醍醐 聡「企業の社会的責任 内部留保に課税すべきだ」

『朝日新聞』朝刊、2013年03月22日


 日本企業が内部留保した利益は大きすぎると、多くの人が考え始めている。資本金1億円以上の企業の内部留保は、リーマン・ショック直後の2009年3月期決算では195兆円だったが、12年9月期決算には217兆円に増加。麻生太郎財務相は3月初めの記者会見で「企業の内部留保の一部は従業員の給与や設備投資に充てるべきだ」と述べている。
 内部留保がこれほどまでに積みあがったのは、広い意味で労働分配を犠牲にした結果といえる。厚労省が発表した「平成23年版労働経済白書」によると、09年第2四半期から10年第4四半期にかけての景気回復局面で、従業員1人あたりの企業利益は2・4倍と急増したのに対し、現金給与総額は1・0倍と横ばいのままだった。

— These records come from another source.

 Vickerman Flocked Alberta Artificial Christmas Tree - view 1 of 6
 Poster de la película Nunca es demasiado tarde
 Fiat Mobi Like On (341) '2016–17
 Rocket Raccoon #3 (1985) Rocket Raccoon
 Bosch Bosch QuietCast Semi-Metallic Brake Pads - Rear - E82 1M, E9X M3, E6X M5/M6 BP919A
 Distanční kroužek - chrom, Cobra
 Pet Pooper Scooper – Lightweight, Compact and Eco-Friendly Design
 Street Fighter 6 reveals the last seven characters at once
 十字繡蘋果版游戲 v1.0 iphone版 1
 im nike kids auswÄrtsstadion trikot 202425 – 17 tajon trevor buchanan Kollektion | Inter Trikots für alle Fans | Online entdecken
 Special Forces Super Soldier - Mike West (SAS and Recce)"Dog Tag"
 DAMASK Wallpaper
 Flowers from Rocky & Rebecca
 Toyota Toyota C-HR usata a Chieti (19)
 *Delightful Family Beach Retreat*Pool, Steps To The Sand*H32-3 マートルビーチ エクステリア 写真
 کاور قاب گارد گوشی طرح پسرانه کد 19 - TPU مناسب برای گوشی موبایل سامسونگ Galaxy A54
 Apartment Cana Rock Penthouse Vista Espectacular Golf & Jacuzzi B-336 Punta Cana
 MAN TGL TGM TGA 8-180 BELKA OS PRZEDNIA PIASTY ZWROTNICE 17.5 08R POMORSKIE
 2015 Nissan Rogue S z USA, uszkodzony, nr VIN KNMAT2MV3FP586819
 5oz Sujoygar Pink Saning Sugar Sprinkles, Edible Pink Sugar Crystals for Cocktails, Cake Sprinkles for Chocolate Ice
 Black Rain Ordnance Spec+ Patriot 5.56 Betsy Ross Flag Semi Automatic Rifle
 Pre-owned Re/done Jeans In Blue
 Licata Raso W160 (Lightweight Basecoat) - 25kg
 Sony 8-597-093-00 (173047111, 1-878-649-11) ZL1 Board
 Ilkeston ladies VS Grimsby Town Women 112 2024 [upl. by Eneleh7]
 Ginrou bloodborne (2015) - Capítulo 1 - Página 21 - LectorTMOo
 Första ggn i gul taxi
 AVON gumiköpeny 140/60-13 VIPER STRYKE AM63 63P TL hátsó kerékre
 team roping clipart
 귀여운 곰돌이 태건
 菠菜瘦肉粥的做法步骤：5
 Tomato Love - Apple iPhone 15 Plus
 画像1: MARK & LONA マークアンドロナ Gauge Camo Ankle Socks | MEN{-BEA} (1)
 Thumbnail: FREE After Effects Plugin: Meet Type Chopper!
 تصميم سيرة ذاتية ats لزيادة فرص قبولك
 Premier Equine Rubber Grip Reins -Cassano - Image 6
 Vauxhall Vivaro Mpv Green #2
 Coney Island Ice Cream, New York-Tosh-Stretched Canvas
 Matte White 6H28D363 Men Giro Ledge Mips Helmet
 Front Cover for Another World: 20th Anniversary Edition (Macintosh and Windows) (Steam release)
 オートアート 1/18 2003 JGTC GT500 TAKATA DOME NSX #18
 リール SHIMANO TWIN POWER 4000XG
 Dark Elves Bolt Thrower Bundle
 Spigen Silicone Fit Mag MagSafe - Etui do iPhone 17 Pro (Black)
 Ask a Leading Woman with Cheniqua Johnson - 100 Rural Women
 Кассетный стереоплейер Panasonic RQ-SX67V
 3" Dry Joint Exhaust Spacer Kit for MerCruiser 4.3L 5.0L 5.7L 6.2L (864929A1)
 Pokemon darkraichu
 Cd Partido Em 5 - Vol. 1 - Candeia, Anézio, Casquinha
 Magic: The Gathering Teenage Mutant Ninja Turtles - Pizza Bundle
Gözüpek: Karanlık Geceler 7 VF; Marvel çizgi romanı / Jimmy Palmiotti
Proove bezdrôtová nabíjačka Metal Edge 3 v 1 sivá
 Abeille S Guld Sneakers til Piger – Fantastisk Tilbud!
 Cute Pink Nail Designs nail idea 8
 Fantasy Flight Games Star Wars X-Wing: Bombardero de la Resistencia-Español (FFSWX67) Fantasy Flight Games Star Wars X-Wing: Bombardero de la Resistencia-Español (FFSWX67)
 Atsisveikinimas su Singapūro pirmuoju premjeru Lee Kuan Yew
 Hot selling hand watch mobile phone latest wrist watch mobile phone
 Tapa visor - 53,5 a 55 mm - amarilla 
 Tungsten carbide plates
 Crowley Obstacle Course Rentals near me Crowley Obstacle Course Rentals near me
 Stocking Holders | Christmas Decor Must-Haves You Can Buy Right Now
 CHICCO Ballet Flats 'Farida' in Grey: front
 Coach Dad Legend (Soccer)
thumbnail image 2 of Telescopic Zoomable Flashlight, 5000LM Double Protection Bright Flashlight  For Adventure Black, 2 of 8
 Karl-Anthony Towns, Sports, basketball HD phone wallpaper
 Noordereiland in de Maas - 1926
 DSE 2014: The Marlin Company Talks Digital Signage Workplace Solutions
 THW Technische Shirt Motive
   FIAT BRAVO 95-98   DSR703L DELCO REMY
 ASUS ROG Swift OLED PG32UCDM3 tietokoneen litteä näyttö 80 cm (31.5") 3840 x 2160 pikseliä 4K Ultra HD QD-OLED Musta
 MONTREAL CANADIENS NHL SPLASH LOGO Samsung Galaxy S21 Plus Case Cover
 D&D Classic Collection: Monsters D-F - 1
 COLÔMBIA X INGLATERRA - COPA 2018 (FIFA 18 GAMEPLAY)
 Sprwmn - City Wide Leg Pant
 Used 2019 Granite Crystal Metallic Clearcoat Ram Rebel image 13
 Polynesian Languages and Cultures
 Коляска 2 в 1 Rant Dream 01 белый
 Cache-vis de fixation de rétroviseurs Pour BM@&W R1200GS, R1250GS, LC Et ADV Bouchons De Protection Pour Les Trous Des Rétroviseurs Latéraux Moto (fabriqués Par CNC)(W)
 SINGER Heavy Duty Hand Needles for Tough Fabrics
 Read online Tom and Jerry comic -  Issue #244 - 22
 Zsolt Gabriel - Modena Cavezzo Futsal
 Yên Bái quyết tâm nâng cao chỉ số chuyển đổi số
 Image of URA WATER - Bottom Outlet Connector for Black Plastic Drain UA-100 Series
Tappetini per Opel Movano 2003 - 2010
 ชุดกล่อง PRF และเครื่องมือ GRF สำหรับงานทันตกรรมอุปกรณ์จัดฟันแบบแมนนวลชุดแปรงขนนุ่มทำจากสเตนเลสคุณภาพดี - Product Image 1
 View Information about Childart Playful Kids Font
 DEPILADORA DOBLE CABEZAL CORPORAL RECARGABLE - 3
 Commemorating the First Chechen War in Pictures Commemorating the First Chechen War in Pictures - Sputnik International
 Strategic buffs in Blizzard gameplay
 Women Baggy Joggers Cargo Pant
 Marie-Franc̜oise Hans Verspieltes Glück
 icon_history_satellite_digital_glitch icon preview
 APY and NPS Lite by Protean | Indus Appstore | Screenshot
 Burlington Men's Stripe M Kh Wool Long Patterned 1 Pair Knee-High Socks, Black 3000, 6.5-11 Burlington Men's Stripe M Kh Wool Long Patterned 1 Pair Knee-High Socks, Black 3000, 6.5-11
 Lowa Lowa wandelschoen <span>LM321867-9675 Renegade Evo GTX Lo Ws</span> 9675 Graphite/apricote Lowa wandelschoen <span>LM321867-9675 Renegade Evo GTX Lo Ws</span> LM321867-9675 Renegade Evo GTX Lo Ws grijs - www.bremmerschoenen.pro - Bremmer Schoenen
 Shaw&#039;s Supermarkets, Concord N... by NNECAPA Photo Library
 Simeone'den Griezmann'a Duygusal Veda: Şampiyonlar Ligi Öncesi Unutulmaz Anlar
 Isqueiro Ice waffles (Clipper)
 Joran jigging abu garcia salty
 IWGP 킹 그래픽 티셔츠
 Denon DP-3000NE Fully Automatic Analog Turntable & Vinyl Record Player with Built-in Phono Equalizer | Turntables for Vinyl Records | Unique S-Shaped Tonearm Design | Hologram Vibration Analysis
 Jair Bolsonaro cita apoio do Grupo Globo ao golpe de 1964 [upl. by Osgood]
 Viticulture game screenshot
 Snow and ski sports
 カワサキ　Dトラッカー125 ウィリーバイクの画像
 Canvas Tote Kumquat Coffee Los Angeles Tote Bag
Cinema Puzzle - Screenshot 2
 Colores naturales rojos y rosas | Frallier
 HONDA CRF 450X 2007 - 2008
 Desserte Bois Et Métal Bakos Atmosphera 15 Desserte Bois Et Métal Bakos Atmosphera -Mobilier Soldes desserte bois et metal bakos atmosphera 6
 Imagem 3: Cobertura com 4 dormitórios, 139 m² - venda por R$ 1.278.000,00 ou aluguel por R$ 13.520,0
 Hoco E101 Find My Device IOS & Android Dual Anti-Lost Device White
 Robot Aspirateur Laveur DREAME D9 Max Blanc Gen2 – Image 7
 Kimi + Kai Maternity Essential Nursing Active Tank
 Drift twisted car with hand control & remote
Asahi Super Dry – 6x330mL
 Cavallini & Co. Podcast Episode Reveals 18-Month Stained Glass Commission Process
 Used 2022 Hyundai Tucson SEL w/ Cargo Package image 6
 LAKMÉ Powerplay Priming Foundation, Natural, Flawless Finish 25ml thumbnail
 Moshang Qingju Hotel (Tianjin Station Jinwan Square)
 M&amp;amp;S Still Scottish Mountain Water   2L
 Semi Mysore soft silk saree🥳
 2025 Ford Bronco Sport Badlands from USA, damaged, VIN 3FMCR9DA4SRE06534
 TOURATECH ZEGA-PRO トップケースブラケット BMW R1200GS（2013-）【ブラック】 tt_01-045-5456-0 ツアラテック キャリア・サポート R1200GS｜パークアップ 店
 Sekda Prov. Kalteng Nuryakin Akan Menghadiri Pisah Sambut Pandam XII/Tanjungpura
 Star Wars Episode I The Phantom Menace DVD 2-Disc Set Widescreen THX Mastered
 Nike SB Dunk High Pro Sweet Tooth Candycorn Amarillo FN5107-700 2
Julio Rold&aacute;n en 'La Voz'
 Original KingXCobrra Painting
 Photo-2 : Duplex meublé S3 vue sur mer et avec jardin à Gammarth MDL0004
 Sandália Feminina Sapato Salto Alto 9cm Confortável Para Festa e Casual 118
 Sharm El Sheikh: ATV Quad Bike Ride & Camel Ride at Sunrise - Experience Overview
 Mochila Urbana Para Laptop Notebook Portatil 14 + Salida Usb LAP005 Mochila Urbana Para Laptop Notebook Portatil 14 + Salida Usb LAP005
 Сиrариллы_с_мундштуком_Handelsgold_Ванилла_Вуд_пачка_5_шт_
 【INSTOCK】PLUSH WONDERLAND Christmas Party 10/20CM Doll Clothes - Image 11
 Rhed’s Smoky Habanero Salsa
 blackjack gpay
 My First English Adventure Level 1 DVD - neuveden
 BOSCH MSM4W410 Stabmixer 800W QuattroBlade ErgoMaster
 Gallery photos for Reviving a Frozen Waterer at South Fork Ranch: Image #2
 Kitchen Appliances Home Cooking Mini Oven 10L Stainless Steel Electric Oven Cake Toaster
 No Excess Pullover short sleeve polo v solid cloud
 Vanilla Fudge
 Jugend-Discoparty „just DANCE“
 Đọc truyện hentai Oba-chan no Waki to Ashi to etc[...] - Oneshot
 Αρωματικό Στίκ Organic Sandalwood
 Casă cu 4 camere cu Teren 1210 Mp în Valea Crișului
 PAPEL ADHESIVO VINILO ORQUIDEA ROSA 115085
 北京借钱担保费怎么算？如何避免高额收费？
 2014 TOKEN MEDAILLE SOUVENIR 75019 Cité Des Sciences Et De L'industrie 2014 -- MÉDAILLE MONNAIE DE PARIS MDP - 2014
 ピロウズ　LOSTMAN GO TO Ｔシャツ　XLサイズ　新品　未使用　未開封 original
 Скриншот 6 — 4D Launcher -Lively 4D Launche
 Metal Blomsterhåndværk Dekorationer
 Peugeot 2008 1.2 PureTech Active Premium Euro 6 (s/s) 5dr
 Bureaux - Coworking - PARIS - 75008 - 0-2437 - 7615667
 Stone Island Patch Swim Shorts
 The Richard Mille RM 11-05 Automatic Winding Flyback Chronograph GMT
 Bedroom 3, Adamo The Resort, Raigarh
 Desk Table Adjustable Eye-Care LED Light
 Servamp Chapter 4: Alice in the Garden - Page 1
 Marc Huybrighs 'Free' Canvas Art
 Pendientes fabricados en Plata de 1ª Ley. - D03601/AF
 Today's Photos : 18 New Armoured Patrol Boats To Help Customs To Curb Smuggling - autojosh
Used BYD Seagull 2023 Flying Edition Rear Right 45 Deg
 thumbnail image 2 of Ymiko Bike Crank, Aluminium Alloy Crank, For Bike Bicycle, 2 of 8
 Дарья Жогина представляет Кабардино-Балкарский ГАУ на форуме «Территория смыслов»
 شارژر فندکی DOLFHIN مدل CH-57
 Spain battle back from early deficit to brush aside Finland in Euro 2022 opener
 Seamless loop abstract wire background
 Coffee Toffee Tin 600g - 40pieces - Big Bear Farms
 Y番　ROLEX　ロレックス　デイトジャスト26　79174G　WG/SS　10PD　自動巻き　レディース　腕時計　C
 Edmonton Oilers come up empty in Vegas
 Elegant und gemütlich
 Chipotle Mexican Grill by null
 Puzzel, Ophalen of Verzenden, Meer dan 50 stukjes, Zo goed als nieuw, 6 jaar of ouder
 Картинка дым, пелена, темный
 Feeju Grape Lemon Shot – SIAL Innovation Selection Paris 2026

 政府側の要請に応える形で、業績が回復している企業を中心に、一時金の増額やベースアップ実施の動きは出ている。安倍政権は年5%以上人件費を増やせば増加分の10%を法人税から引く減税策も、13年度から3年間実施する。だが、ため込まれた内部留保のいびつさに多くの人々の意識が向いている今だからこそ、私は「内部留保税」の創設を提案したい。
 資本金1億円以上の大企業が内部留保した利益に対して税金を課す、というのが提案の骨子だ。税率を1%としても、直近の水準なら年間2・2兆円の新たな税収を確保できる計算だ。
 法人税を課税された後の留保利益にさらに税を課すのは、二重課税だという意見がある。しかし、法人税は現在、企業の利益を社会全体に再分配するという本来の機能を果たしていない。その機能を補完する意味でも、また内部留保が積み上がった要因に照らしても、内部留保税には十分な正当性があると私は考える。
 1981年に42%だった法人税率は00年以降30%まで下がった。減税された分の使途を企業にたずねた帝国データバンクの調査(10年7月)によれば、社員への還元は16%にとどまり、最大の使途は26%の内部留保だった。
 さらに日本は、社会保障財源に占める事業主負担の割合が主要先進国と比べて低い。10年の時点で、フランス42%、ドイツ35%、英国35%なのに、日本は25%だ。社会保険料などの企業負担が軽いうえ、給与抑制や低賃金の非正規労働者の雇用拡大などの人件費抑制策が加わった結果が、企業の巨額の内部留保といえるのだ。
 来年4月には逆進性の強い消費税の税率引き上げが予定される。増税ラッシュが迫るなか、大企業にも応分の社会的な責任を果たすよう、もっと求めるべきである。